A multirotor, by contrast, can use single-piece propellers: a quadrotor with direct drive has just four moving parts, the motor-propeller assembly for each rotor. The important factor is that half the rotors rotate in each direction. So a pitch forward is achieved by increasing power to the rear rotors; a roll left increases power to the right rotors; and a yaw right increases power to the anticlockwise-spinning rotors, which to avoid control linkage are a diagonally opposed pair.

The minimal design uses three rotors, but there are obvious asymmetries. Four works pretty well; six and eight cut down the required power per rotor for heavier aircraft. (Some of the larger ones use three or four arms and mount a pair of rotors on each one in a push-pull configuration, but generally it's one rotor per arm.)

This was actually tried quite early in the development of helicopters. The Breguet-Richet Gyroplane of 1907 was the first example, indeed the first time a rotary-wing aircraft had lifted both itself and its pilot off the ground, though records are unclear as to whether it ever achieved free flight; in its early tests it needed several men on the ground to hold it steady.

Etienne Oehmichen's Helicopter No. 2 was more successful though a less "pure" design: it had four rotors on the ends of an X-shaped frame, like the Gyroplane, but also five propellers for horizontal stabilisation, one in the nose for steering, and two more for propulsion. In spite of this, it was moderately successful, establishing the first FAI distance record for helicopters (360m in 1924). George de Bothezat also developed a helicopter in the 1920s, also using separate propellers for control; it never exceeded 5m above ground level.

Going back to pure quadrotors, the 1950s saw the Convertawings Model A and the Curtiss-Wright VZ-7; both of them flew reasonably well, though not sufficiently better than conventional helicopters for anyone to try switching.

What really makes the multirotor concept viable now is electronics, specifically cheap and light gyroscopes and accelerometers. Every little variation in thrust or air density leads to an instability and potential toppling, so the on-board electronics need to be able to tweak the power to each motor very quickly in order to keep the platform stable. External commands (whether from a radio control unit or an onboard navigation processor) take the form of "rotate right" or "tilt forward", and these are combined with position and orientation feedback to generate control outputs to the individual motors.

The multirotor concept can certainly be scaled up; Bell-Boeing is working on the Quad TiltRotor, a derivative of the Osprey that would have roughly the speed and lift capacity of a C-130, but be able to land in its own length. It's not clear to what extent this will need control surfaces, though in aircraft-mode flight they seem likely to be important; I suspect it would also need variable-pitch propellers for efficiency, which starts to bring mechanical complexity back in.

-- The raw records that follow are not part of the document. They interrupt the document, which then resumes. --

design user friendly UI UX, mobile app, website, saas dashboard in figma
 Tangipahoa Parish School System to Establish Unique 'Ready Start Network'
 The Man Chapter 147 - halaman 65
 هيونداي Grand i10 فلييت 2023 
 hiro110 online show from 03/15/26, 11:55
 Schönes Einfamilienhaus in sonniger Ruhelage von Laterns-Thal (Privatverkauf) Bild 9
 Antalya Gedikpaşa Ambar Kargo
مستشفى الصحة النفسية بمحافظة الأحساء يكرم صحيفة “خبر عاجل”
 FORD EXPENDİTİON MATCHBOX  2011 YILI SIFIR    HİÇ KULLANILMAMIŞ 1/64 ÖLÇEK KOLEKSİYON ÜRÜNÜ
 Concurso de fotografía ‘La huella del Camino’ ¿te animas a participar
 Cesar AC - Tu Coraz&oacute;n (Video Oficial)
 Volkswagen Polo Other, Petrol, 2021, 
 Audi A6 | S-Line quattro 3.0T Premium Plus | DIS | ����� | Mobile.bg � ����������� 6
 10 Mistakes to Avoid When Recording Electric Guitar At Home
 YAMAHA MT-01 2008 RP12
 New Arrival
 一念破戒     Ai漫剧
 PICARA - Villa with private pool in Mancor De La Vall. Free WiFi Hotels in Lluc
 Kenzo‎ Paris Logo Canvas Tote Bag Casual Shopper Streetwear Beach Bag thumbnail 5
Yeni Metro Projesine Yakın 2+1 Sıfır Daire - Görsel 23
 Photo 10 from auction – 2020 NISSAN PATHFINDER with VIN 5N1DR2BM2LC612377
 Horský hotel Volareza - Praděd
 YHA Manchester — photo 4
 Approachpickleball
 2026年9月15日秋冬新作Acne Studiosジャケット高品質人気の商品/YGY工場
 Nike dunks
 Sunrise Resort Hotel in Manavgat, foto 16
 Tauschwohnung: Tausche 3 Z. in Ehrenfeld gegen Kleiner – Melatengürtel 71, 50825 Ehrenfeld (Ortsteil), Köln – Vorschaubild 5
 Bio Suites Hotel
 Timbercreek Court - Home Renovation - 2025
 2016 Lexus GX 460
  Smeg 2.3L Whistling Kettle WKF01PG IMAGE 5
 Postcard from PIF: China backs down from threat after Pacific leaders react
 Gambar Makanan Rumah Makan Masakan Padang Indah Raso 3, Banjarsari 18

I could easily see a future generation of attack helicopter using this technology: the simplicity (suggesting increased ease of maintenance and even resistance to damage) might well be worth any slight drop in performance. Of course, with current trends, it probably won't need room for a pilot.

One could do the same thing with jet engines, but there are two problems: jets aren't as immediately responsive to small changes in power, so stabilisation would be more work, and they don't produce useful amounts of torque, so you'd still need some other sort of control system for yaw.

Apart from simplicity, the multirotor can use smaller propellers: a quadrotor needs only about half of the blade diameter of a single-rotor aircraft in order to have the same total rotor disc area, though they generally have to spin faster. This still lets individual rotors be lighter and have less kinetic energy, helpful in case of a collision.

What I'm trying to learn at this point is a way of calculating how much thrust I can get out of a given combination of motor and rotor, and therefore how much power I need to feed in…